How Pew Research Center studied congressional Facebook postsResearchers included both official Facebook accounts (those managed by congressional staff) and unofficial accounts (those used in a personal or campaign capacity) for members of Congress in this analysis. They did so in order to capture a more complete range of outreach on social media than would be possible with official accounts alone. As a result, the study includes a total of 1,129 accounts belonging to the 599 individual legislators.

Official accounts are used to communicate information as part of the member’s representational or legislative capacity, and U.S. Senate and House members may draw upon official staff resources appropriated by Congress when releasing content via these accounts. Unofficial accounts – often used in a personal and campaign capacity – may not draw on these government resources under official House and Senate guidelines. Members posted more often on official accounts across the study period: 76% of the average member’s posts came from their official account (for Democrats, the share was 78%; for Republicans, it was 75%).
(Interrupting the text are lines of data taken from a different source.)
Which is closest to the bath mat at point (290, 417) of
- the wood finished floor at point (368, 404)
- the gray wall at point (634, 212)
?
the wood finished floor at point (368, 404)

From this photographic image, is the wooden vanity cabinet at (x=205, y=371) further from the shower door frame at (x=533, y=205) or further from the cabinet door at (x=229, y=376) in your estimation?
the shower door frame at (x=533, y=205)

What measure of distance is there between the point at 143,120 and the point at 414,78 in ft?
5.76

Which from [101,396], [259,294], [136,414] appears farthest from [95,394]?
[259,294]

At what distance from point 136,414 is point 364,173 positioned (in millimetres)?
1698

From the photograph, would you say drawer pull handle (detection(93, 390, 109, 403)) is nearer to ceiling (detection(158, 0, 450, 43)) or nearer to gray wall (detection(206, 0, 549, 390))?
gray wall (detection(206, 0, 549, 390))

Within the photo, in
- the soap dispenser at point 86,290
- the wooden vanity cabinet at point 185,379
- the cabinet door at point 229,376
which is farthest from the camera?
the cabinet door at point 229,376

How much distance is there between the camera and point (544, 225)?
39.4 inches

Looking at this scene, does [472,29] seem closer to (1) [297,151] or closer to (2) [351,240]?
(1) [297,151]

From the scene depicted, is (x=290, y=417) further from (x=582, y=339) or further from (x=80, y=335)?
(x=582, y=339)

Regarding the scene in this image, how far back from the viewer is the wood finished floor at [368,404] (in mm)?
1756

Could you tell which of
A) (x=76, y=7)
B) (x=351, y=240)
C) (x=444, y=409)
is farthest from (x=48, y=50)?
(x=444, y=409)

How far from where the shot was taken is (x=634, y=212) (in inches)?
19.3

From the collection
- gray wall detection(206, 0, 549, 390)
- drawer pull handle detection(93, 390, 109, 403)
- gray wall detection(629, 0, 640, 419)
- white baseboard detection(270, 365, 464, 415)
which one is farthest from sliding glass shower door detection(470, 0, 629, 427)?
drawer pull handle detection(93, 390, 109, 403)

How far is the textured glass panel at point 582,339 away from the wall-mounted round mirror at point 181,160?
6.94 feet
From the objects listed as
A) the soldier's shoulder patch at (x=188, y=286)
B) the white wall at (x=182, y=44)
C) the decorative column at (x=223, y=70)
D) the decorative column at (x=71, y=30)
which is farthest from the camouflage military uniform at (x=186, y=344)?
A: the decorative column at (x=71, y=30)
To classify the posts, Pew Research Center manually analyzed a subset (11,000 total) of all the posts, classifying each post’s contents for the events, topics and issues raised or discussed in each one. Specifically, the analysts coded each post based on whether it expressed disagreement with presidents, candidates or parties; expressed support for the same; or mentioned local events, places or people. Next, researchers trained machine learning algorithms to make predictions – based on what the human coders reported – in order to classify the content of the entire set of posts.
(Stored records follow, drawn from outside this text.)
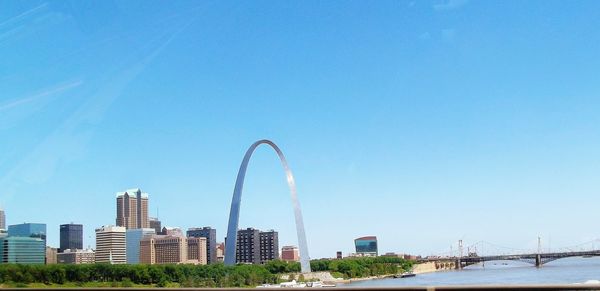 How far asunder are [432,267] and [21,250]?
103812 mm

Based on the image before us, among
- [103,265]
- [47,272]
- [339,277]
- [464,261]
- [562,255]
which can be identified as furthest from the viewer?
[464,261]

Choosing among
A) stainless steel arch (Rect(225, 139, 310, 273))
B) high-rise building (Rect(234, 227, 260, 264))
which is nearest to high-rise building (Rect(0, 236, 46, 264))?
high-rise building (Rect(234, 227, 260, 264))

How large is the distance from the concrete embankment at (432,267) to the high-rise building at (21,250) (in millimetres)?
96824

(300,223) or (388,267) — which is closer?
(300,223)

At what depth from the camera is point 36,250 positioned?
178750 mm

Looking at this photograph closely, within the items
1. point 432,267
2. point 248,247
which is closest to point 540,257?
point 432,267

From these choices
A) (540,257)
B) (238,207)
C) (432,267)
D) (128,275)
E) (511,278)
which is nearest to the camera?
(238,207)

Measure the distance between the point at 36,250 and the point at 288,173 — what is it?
128878 mm

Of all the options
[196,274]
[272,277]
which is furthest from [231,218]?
[272,277]

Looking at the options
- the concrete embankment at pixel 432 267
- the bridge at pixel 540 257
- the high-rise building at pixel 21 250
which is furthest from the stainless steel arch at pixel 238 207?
the high-rise building at pixel 21 250

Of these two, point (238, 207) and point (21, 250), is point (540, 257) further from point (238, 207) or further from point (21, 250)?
point (21, 250)

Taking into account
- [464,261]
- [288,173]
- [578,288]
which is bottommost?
[464,261]

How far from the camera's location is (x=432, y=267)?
535 feet

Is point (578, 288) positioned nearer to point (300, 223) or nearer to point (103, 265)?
point (300, 223)
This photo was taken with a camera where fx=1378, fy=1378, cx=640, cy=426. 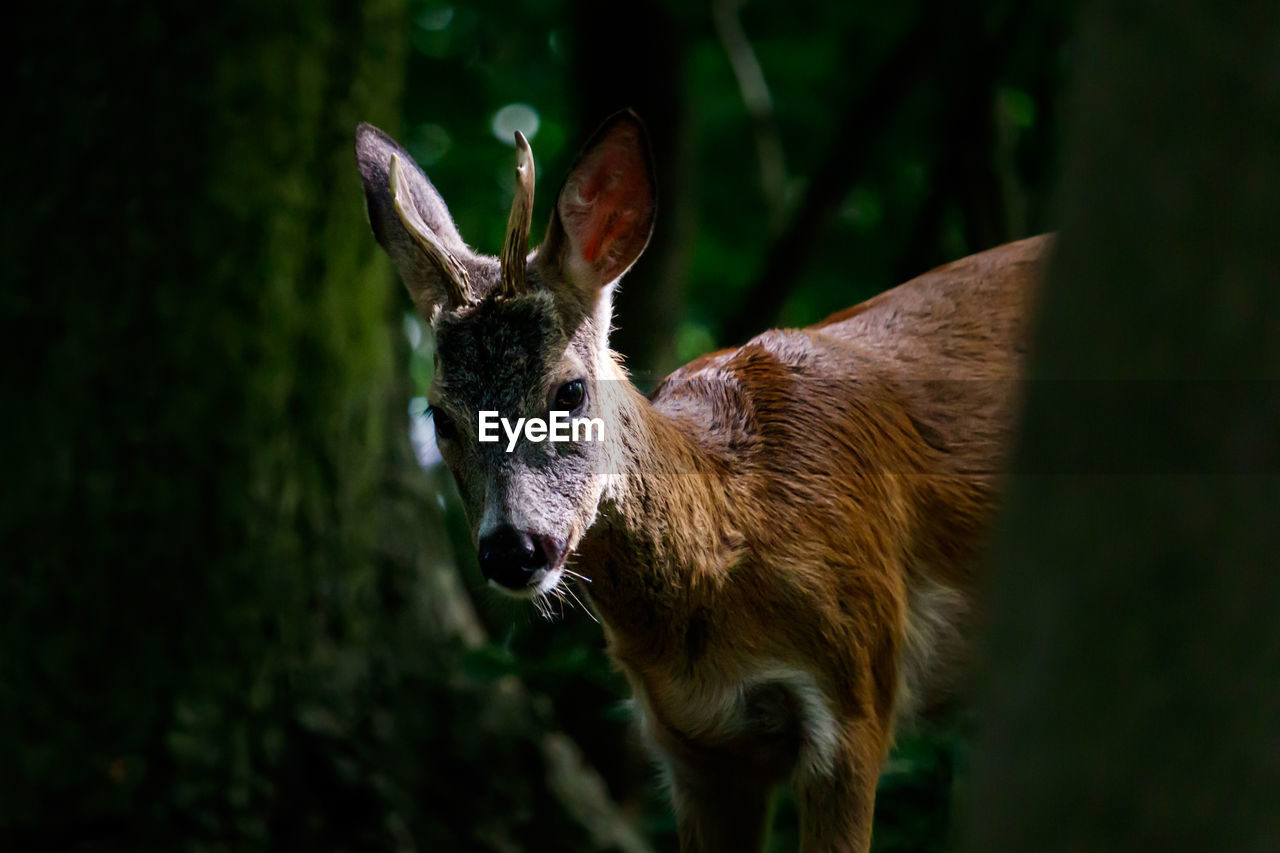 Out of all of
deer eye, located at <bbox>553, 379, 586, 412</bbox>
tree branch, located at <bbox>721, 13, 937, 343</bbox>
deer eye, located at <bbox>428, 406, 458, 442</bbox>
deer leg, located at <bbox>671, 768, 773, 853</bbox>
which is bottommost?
deer leg, located at <bbox>671, 768, 773, 853</bbox>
How researchers classified more than 700,000 posts

Researchers asked human coders recruited from Amazon’s Mechanical Turk to read a sample of 11,000 posts and then note whether or not the post mentioned a list of political figures and groups. That list included Trump, Obama and Clinton, as well as two political groups: Democrats and/or liberals and Republicans and/or conservatives. The coders determined whether each post that mentioned one of those individuals or groups expressed support, opposition or neither toward each figure or group. Human coders also determined whether or not each post discussed local issues, defined as relating to “a place, a group, individual(s), or an event in the politician’s state or district.”

Each set of particular kinds of post – those labeled as opposing Obama, or supporting Republicans, for instance – was used as a “training dataset” for separate machine learning models. Those models used the human decisions about what words convey political support or opposition as a guide for determining how to classify the remaining posts that human coders did not read and classify. This approach builds upon previous Pew Research Center work that examined similar kinds of rhetoric in congressional statements. Performance statistics and additional details are provided in the methodology.

While Facebook is one important part of members’ media outreach efforts, members also communicate with their constituents through press releases, town hall meetings, media appearances and on other social media outlets. Although this report does not examine communication across all these channels, Facebook posts constitute a useful way to compare members’ communication, as they can be systematically captured and analyzed. Previous research suggests that statements that members of Congress express on Facebook are similar in many ways to those they make in press releases. Focusing on Facebook posts also makes it possible to measure how much a member’s audience interacts with their posts via likes, comments and shares. Facebook is the most widely used social media website (excluding YouTube) and the social media site from which most Americans get news.

  1. See Lewis, Jeffrey B., Keith Poole, Howard Rosenthal, Adam Boche, Aaron Rudkin, and Luke Sonnet. 2017. “Voteview: Congressional Roll-Call Votes Database.” https://voteview.com/
  2. Complete data could not be obtained for legislators’ accounts prior to the 114th Congress, as some members were not active on Facebook in earlier sessions, or have deleted their accounts since leaving office.
  3. Researchers used the DW-NOMINATE ideology measure, which is based on members’ roll-call voting records, to classify members as liberal or conservative.